Pentagon fails audit. Again.
I am starting to feel like William Proxmire, who annually handed out Golden Fleeces for wasteful government spending. Mid November, the predictable column comes out – the Pentagon failed its audit…again. It’s not like we haven’t noticed ’em before – we even congratulated the Marines for being the first service to pass an audit in February.
DoD fails audit, sees Ukraine as ‘teachable moment’ in accountability
But yeah, as a whole DoD failed its audit like Kamala taking a MENSA entrance exam.
The Pentagon failed its seventh consecutive audit on Friday as the agency was unable to fully account for its massive $824 billion budget, though officials were confident the Department of Defense “has turned a corner” in understanding its budgetary challenges going forward.
“Turned a corner” – from blissful ignorance to knowing they piss money away with no clue?
The audits resulted in a disclaimer of opinion, which means auditors were provided with insufficient information to form an accurate opinion of the accounts.
Of the Department of Defense’s (DoD) 28 reporting entities that had standalone audits, 9 received an unmodified audit opinion, 1 received a qualified opinion, 15 received disclaimers, and 3 opinions remain pending, the Pentagon said.
Translation: over half the reporting entities can’t even provide meaningful data.
Michael McCord, Under Secretary of Defense (Comptroller) and Chief Financial Officer, said the agency “has turned a corner in its understanding of the depth and breadth of its challenges.”
McCord told reporters at a briefing on Friday that he would not say that the agency “failed” as it had “about half clean opinions.”
“So if someone had a report card that is half good and half not good, I don’t know that you call the student or the report card a failure,” he said. Fox News
Uh, Mike? Y’all have been trying to get a clean audit since 2017, and have failed. Your “half good” number of 13 out of 28 shows you can make meaningful commentary to make an opinion, not that the opinion is favorable. Think of it like this: you are manufacturing a part with hole with a tolerance of +/- .010″. With good data you could say you are making the part with hole tolerances of 3″… still a crap part but you would know, right? What you have, Mikey, is being unable to say whether your tolerance is .010″ or one foot. What kind of failure is that?
And just as a balm for your wounds…DoDs budget will break a trillion dollars before the Pentagon estimates they will get a decent audit in 2028.
Hat tip to Combat Sue. It was a privilege serving with you.
Category: "Teh Stoopid", "Your Tax Dollars At Work"

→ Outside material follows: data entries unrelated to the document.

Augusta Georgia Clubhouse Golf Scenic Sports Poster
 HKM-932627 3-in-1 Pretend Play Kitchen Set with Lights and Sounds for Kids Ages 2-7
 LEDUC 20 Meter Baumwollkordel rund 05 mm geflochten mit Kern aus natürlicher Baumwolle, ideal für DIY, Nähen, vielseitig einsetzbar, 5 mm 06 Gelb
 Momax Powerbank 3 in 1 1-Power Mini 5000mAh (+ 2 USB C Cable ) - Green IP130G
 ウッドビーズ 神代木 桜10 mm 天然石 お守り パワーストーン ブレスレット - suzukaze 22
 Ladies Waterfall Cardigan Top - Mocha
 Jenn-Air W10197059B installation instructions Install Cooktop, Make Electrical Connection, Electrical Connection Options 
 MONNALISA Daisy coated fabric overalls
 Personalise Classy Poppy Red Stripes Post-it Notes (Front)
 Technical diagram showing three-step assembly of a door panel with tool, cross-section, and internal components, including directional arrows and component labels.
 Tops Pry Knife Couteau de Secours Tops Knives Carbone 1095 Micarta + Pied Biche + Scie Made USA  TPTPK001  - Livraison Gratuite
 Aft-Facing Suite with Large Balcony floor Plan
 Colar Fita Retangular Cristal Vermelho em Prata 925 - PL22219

But the REALLY IMPORTANT stuff to the current crowd in charge like DEI and SHARP training are up to date, right? Just asking for a friend.
The DoD knows how much it spends, knows how much it has allocated to budget programs, and knows when it did so.
Everything after that is a black hole. Once Commanders and PEOs receive their budgets, no one makes even the slightest attempt to keep the books. That doesn’t matter anyway, all that matters is that the money be spent.
Weirdly, every penny spent has to be reported up the chain, including what it was spent for. What happens to that reporting?
It is not so much fraud as sheer stupidity and corruption.
Until the budget can be accounted for and balanced, GOs/FOs should be fired (not retired) and programs shut down.
But continue paying the troops, they are the basic bread and butter of our military
There it is. I remember fondly a number of decades ago when they shitcanned over 100 flag rank officers who were redundant. You can pay a whole lotta privates for that kind of money, and they do the work.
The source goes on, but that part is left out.